In last week's "Correlating Data in SQL Trace, Part 1", we took a trace to diagnose lock timeouts, and developed a query to correlate lines in the trace: this let us see what code was generating what lock timeouts.
The trick for the query is to use a correlated subquery to find the statement rownumber, thusly (simplified):
SELECT [Timeout].* , Statement.* FROM Trace AS [Timeout] INNER JOIN Trace AS [Statement] ON Statement.spid = [Timeout].spid AND Statement.DatabaseID = [Timeout].DatabaseID AND statement.rownumber = ( SELECT TOP 1 rownumber FROM trace WHERE spid = [Timeout].spid AND rownumber < [Timeout].rownumber AND eventclass = 11 ORDER BY rownumber DESC ) WHERE [Timeout].EventClass = 189A little translation: "WHERE EventClass = 189" gives us all our timeouts. "statement.rownumber = (subquery)" finds the closest (to the timeout) previous RPC:Starting row with the same spid…in other words, the timeout's associated RPC call.
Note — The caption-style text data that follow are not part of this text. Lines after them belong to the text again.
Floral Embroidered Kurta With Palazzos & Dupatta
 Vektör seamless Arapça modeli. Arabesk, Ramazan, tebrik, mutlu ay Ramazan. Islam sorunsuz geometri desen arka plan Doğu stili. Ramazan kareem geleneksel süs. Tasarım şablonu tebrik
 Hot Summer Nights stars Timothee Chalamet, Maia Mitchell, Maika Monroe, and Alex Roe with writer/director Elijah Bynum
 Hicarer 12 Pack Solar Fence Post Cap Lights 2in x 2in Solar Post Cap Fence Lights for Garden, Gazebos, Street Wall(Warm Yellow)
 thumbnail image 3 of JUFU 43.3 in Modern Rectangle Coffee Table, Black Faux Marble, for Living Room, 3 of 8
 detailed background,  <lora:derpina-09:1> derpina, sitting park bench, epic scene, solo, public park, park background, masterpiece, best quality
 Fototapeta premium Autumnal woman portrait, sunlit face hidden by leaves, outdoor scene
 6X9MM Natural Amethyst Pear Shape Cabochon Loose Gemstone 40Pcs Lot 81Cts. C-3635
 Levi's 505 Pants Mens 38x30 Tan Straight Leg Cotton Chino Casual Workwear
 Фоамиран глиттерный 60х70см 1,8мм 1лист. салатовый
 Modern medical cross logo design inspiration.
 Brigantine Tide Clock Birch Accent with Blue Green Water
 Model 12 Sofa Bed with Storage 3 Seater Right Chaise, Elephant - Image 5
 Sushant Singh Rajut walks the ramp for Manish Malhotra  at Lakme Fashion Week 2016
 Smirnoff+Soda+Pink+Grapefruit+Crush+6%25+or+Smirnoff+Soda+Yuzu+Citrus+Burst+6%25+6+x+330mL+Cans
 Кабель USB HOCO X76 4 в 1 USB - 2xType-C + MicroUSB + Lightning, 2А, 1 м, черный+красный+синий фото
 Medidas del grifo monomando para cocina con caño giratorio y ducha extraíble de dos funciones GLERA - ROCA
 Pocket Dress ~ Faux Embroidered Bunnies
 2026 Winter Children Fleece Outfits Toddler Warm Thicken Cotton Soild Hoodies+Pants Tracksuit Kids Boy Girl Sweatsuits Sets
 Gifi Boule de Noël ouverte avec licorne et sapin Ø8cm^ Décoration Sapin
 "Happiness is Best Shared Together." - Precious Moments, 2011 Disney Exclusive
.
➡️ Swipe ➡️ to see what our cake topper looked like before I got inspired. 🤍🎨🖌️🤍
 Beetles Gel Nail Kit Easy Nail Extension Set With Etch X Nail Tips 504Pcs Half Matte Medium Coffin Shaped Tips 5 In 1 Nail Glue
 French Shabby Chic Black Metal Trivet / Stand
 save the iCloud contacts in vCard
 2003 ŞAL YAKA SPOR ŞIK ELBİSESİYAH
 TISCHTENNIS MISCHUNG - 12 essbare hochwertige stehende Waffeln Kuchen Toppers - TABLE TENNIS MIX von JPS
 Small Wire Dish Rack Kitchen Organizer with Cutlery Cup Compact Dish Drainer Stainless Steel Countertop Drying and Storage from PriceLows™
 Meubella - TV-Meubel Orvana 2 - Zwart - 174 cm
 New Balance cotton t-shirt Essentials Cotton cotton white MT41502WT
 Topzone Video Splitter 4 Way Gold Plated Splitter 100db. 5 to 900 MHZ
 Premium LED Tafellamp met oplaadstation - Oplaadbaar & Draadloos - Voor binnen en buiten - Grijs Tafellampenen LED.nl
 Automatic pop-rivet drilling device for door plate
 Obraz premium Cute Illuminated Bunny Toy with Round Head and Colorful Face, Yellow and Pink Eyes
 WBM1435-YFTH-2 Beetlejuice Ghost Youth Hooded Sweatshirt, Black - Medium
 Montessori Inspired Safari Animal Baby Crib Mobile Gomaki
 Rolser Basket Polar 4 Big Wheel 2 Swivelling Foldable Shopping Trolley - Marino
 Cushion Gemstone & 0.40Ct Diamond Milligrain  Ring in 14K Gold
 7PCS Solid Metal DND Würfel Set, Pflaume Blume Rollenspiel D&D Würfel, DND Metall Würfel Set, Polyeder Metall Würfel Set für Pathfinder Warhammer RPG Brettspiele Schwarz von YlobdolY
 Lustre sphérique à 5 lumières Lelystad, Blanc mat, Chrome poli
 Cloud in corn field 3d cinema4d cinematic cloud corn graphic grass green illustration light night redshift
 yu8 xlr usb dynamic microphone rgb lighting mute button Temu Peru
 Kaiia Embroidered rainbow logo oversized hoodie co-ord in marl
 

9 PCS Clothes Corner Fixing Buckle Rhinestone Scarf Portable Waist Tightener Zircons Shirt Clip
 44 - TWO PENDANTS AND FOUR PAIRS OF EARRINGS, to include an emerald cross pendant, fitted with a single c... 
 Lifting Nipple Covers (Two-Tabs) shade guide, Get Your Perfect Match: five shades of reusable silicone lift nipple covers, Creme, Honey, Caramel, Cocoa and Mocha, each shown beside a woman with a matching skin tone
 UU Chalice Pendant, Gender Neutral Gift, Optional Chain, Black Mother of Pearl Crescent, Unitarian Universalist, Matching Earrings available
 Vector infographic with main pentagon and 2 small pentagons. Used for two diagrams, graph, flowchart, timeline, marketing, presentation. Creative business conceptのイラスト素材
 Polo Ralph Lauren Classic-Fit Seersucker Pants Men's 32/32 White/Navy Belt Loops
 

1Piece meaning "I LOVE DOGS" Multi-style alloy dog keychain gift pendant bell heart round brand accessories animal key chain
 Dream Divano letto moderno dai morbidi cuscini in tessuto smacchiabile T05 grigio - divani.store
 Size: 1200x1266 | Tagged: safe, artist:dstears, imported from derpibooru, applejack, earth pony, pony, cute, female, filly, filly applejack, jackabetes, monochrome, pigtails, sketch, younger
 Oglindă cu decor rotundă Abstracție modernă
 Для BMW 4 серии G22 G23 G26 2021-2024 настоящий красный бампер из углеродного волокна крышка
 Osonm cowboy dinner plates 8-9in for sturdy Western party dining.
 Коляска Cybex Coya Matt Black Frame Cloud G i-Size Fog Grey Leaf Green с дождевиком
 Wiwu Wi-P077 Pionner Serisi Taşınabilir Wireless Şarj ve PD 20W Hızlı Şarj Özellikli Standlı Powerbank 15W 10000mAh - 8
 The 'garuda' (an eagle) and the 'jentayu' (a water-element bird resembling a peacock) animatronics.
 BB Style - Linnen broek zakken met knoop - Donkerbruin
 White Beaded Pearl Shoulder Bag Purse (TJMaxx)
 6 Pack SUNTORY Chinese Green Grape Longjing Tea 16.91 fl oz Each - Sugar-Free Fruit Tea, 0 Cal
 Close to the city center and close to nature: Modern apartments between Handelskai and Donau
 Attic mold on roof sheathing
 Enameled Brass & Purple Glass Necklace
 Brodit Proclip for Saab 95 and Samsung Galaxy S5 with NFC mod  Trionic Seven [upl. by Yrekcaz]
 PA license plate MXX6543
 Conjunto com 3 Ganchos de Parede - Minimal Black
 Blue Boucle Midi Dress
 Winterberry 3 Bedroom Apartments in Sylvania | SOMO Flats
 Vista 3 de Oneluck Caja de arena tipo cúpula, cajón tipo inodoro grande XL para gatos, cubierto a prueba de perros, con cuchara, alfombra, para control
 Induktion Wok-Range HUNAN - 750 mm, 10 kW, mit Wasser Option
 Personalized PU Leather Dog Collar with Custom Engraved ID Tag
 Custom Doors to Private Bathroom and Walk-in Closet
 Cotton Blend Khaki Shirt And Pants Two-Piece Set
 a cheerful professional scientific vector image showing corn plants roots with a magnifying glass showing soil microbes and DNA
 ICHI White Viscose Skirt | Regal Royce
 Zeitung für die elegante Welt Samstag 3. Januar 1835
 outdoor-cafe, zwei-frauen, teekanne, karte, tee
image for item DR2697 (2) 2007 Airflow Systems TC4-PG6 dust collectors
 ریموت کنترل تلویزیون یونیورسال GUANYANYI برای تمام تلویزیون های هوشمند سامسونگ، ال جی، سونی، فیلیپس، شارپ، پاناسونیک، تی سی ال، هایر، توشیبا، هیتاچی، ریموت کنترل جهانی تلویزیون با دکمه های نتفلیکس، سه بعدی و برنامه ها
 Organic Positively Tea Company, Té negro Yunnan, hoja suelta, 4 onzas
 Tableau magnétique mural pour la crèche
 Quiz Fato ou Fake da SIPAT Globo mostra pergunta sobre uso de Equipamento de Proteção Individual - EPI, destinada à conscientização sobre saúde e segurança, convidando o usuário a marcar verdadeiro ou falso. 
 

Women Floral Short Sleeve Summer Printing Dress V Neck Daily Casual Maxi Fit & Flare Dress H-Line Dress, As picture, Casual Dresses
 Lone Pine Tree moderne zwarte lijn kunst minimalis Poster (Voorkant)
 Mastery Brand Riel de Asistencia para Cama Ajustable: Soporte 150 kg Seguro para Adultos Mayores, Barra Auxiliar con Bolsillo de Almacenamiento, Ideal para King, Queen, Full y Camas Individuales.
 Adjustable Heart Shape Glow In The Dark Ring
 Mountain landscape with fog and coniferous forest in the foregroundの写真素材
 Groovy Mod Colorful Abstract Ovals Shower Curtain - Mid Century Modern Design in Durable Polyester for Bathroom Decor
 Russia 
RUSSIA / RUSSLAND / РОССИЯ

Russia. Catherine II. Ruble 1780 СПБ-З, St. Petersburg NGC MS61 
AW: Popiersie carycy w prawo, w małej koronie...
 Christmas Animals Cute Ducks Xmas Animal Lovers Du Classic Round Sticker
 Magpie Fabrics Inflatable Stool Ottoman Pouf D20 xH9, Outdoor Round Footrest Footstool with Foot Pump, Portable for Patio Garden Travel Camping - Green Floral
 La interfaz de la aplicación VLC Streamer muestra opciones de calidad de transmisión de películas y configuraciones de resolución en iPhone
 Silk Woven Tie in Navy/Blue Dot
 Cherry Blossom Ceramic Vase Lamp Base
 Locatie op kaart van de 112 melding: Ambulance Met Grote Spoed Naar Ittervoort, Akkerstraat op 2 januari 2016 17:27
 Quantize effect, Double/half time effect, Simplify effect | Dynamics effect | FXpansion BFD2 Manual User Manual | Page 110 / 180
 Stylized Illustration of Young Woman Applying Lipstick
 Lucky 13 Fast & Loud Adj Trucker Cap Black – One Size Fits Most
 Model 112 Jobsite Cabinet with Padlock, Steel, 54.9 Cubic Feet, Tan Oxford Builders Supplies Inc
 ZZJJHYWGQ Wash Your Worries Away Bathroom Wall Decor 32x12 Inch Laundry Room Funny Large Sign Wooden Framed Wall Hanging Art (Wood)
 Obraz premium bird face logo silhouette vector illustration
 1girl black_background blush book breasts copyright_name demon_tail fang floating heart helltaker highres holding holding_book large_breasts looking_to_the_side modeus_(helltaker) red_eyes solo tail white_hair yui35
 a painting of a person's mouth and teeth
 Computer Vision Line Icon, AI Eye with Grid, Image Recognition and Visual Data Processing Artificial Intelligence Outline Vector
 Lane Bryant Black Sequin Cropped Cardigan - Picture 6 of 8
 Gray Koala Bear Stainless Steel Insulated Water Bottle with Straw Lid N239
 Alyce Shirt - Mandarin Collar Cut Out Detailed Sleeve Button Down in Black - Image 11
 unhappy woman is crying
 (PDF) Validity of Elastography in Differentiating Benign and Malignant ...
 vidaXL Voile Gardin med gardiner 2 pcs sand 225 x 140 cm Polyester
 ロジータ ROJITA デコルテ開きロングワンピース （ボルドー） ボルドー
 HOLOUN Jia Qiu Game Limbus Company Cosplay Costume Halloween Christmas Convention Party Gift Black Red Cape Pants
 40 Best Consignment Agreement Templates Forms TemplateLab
Another use for this same type of correlation query is to find all "RPC starting" with no associated "RPC:complete" in a given timeframe. Okay, it's a pretty specific need, but it certainly illustrates that this can be a very versatile query.
Instead of correlating timeouts to queries, we want to correlate RPC start with RPC complete, and then display only those RPC:Starting rows with no associated RPC:Complete.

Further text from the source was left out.